I have unlimited respect for all of these pioneers, some of whom gave their lives while volunteering to educate us. The recent news item says that our federal government has decided to sue Dr. Mitchell. Why? Because he offered to sell – by auction – a souvenir that he chose to salvage from his lunar adventure, a camera that would otherwise have been simply left behind on the Moon! Bonhams auction house, a UK-based agency, has now pulled the camera from a planned May 5 sale, where they estimated that it could fetch as much as $80,000.

Our government, alarmed at this discovery, claims that Mitchell was trying to sell property that wasn't his. Their indignant lawyers, in the action against the astronaut, smugly stated:

Defendant Edgar Mitchell is a former NASA employee who is exercising improper dominion and control over a NASA Data Acquisition Camera.

Come on, folks, this is just one piece of what NASA deems “space junk,” a throwaway, a tiny, tiny fraction of the tons of material that was shot into space or simply left behind on the Moon, probably never to be seen again.  Where does the government get the strange notion that this item, which they insist comes under their “dominion and control,” calls for special treatment?
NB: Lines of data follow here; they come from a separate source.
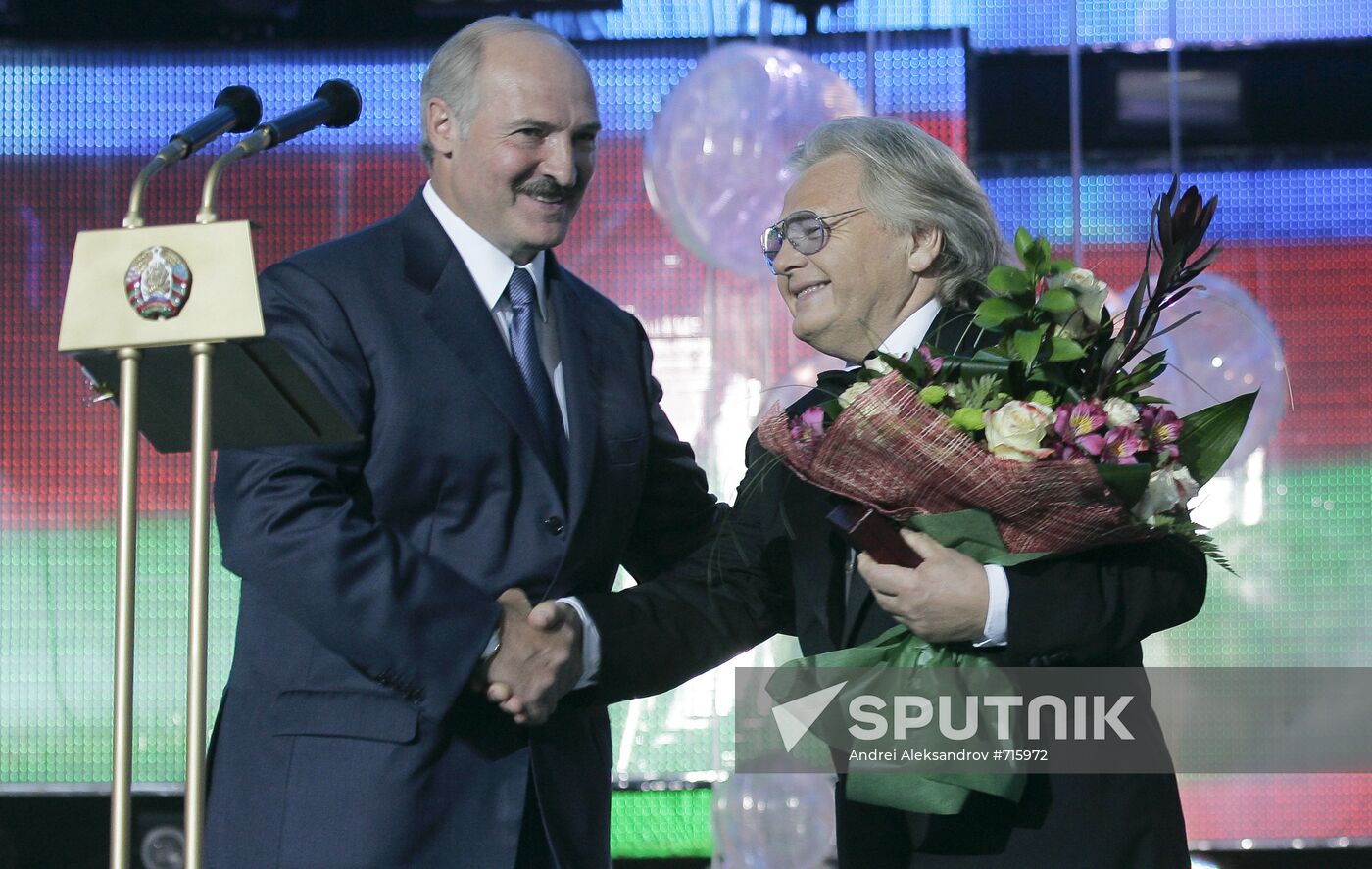 Alexander Lukashenko and Yury Antonov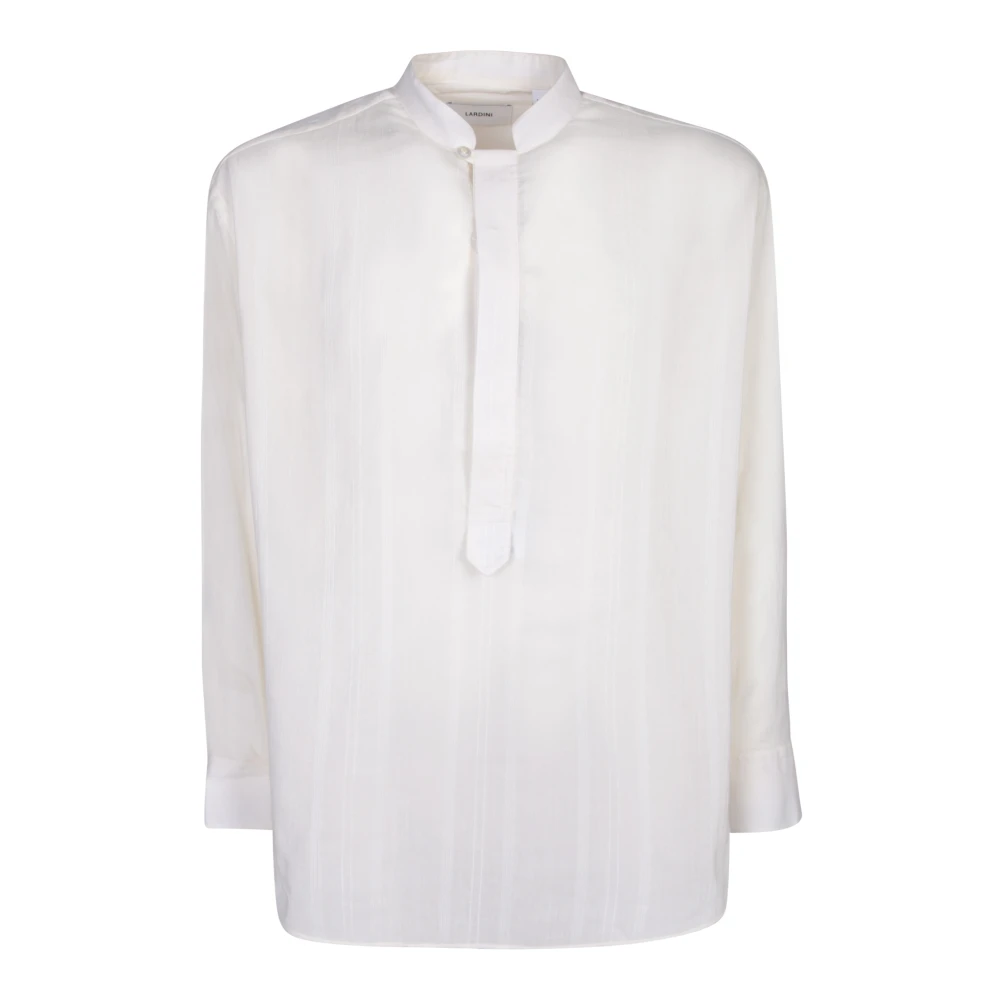 Lardini Witte Tuniek Stijl Katoenen Shirt White Heren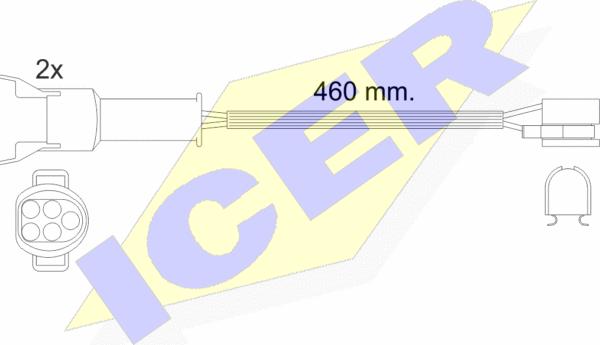 Icer 610456 E C - Signalni kontakt, trosenje kočione plocice www.molydon.hr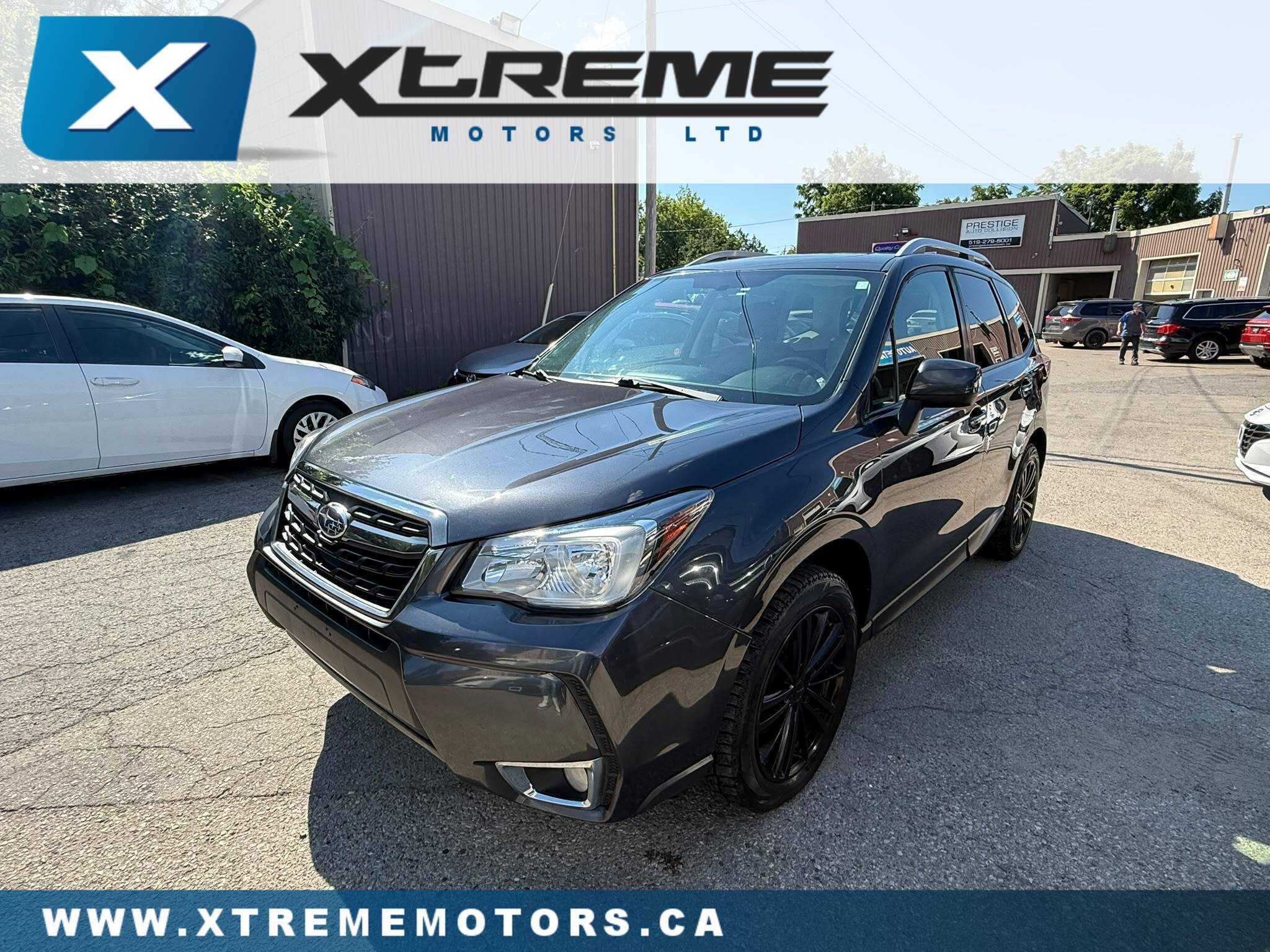 Gray 2018 Subaru Forester SUV / Crossover All-Wheel Drive Continuously Variable Transmission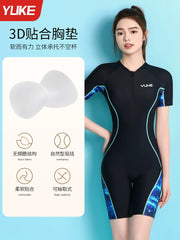 Swimsuit Women's 2024 New Arrival Hot Spring Fancy Fall and Winter Swimsuit Plus Size Siamese Conservative Swimming Pool Racing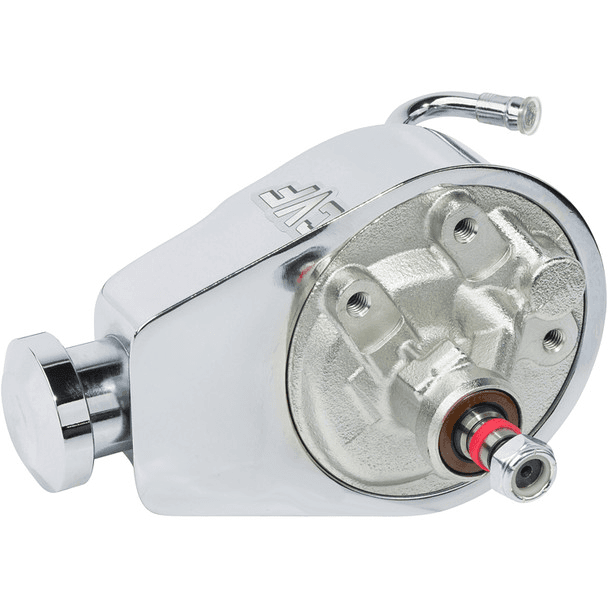 CVF Saginaw P-Series Chrome Power Steering Pump - 5/8" Keyway Shaft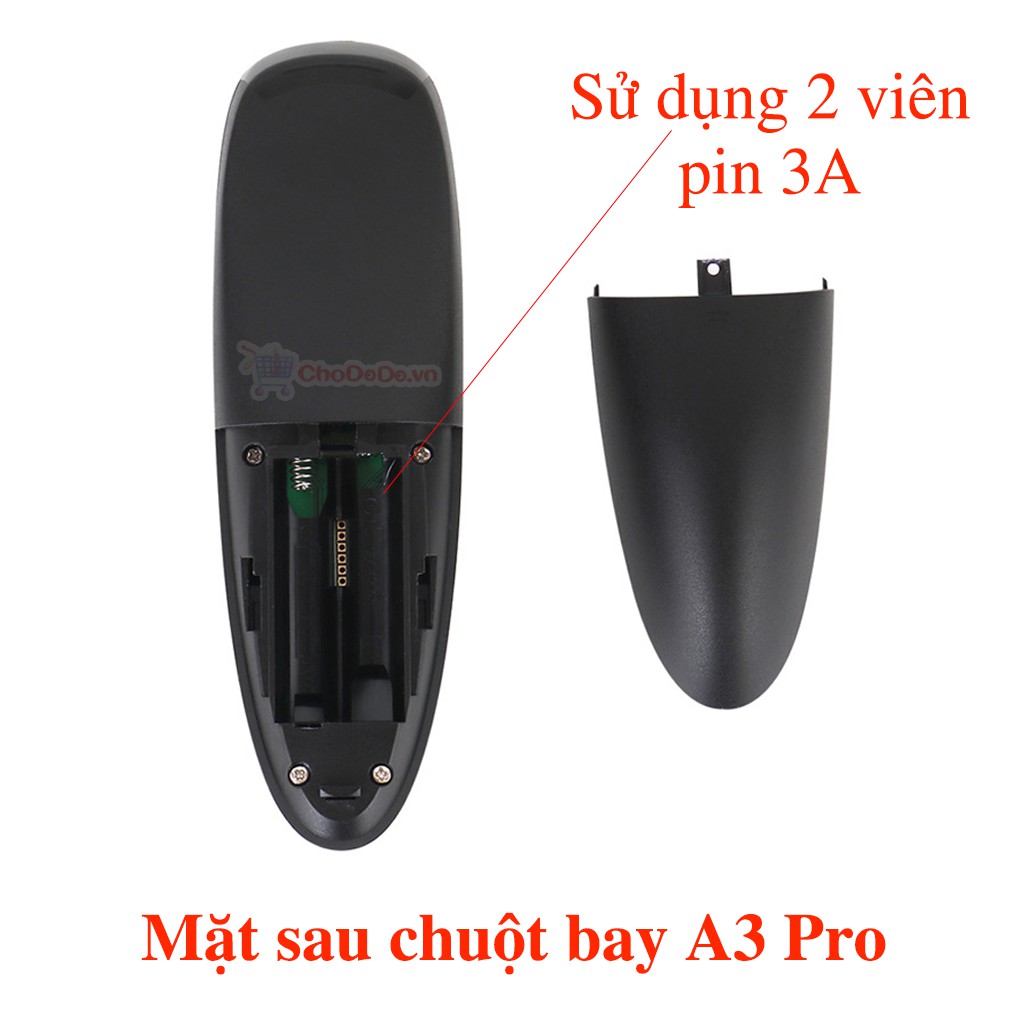 Chuột bay tìm kiếm giọng nói đa năng A3 Pro Voice 1 chạm trên Android Box G10S, G20S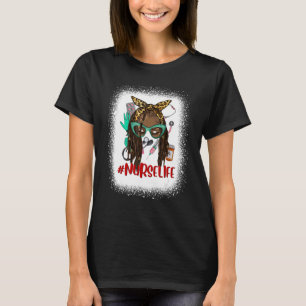Camiseta Enfermera de banda para la cabeza de Bun Hair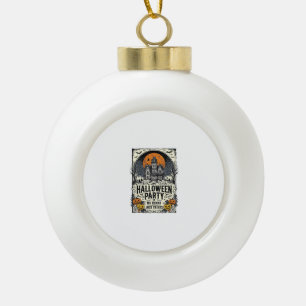 Vintage-Halloween-Party Keine Tricks, nur Leckerli Keramik Kugel-Ornament
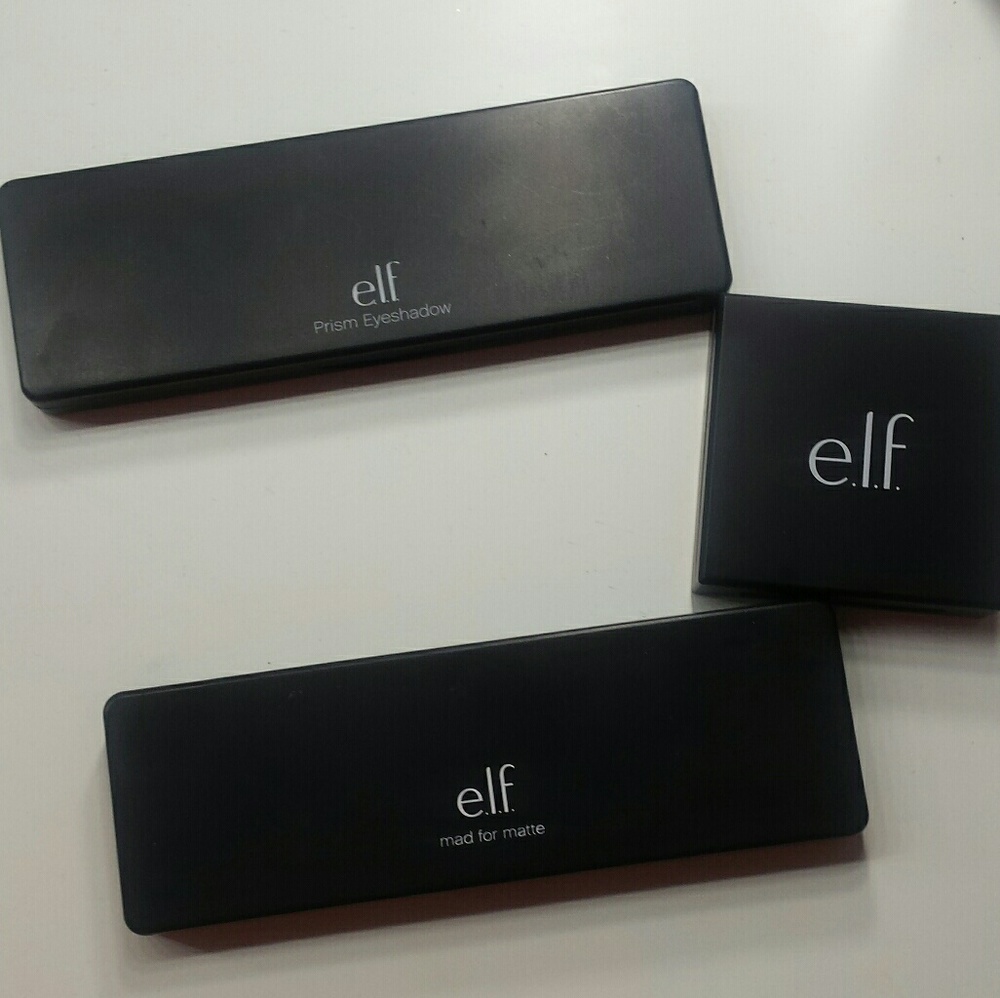 3 elf eyeshadow palettes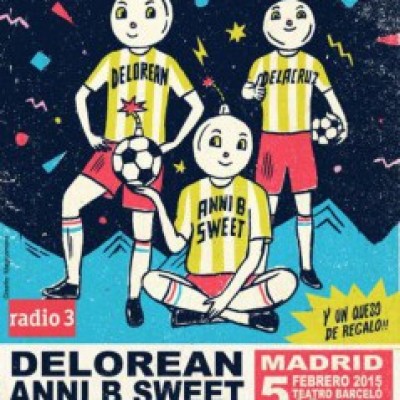 Delorean, annie b sweet en Madrid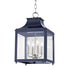 Mitzi Leigh Lantern in Aged Brass / Navy Finish Model: H259704S-AGB/NVY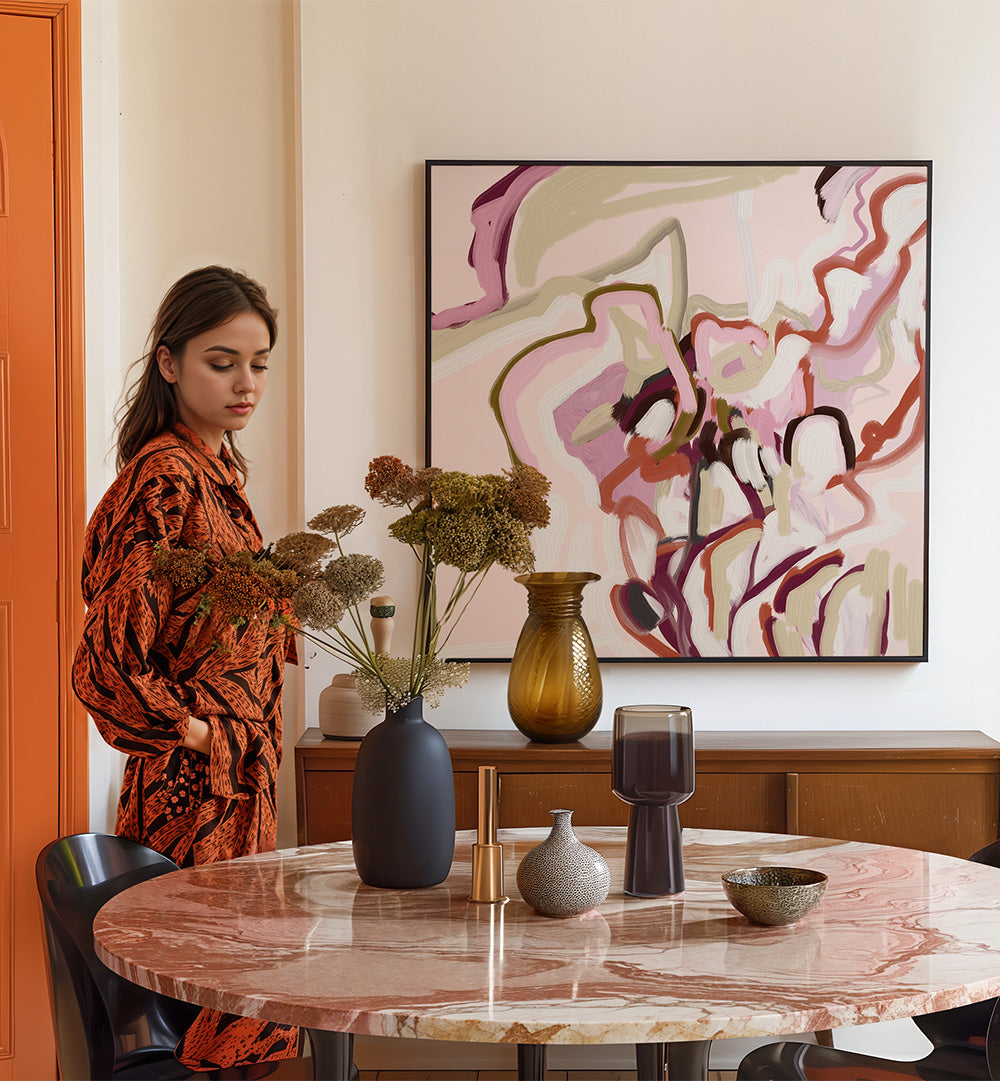 PASTEL CREAM , ABSTRACT PAINTINGS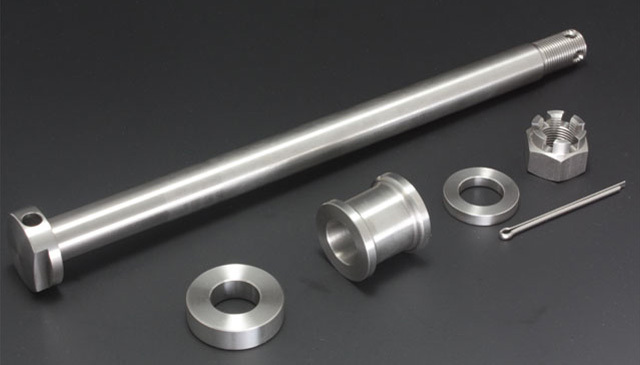 Z1/Z2,Z750A4/A5,KZ900 アクスルシャフトセット ステンレス (リア)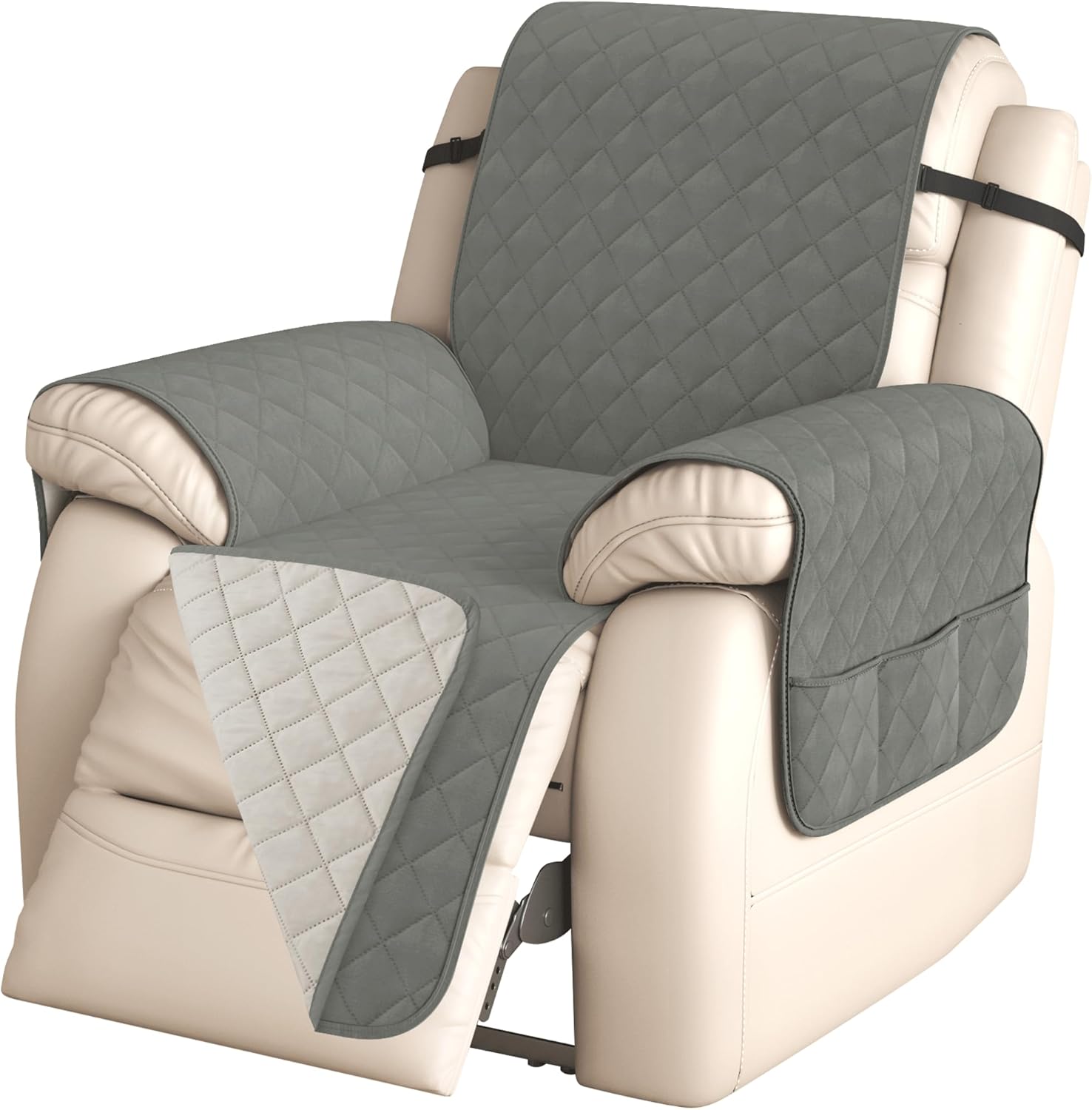 CHUN YI Recliner Chair Cover, NonSlip Recliner Covers That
To show you just how unreasonable this action is, consider an additional fact: astronaut Alan Bean reports that the astronauts – heroes, remember! – were ordered to return to NASA anything they got in connection with their official duties. He recalls that he was forced to return a dagger and his wife to hand over a bracelet that they received as gifts in Morocco when he and other astronauts took part in a worldwide goodwill tour. Other astronauts have – literally – dozens of objects they salvaged from their adventures, and as a taxpayer, I’m quite willing to allow them to keep such items and dispose of them in any way they wish. I feel that my readers will agree with me on this point, but the U.S. government can’t wait to get back any and all of these mementos – and destroy them.

Astronauts Bean and Pete Conrad took two cameras to the Moon in 1969 which stayed there. For consistency, I suggest that NASA should send another flotilla of missions to Luna to gather up all the space junk and return it to Earth – where it can be officially and safely destroyed.

Edgar Mitchell shouldn't be faulted. I’m offended by this lawsuit, and I believe that somewhere in the legal system there will be lawyers who could and just might wish to take up this matter and defend him in court. How embarrassing that the rest of the world sees us as such a fussy bureaucracy with no sense of compassion or common sense.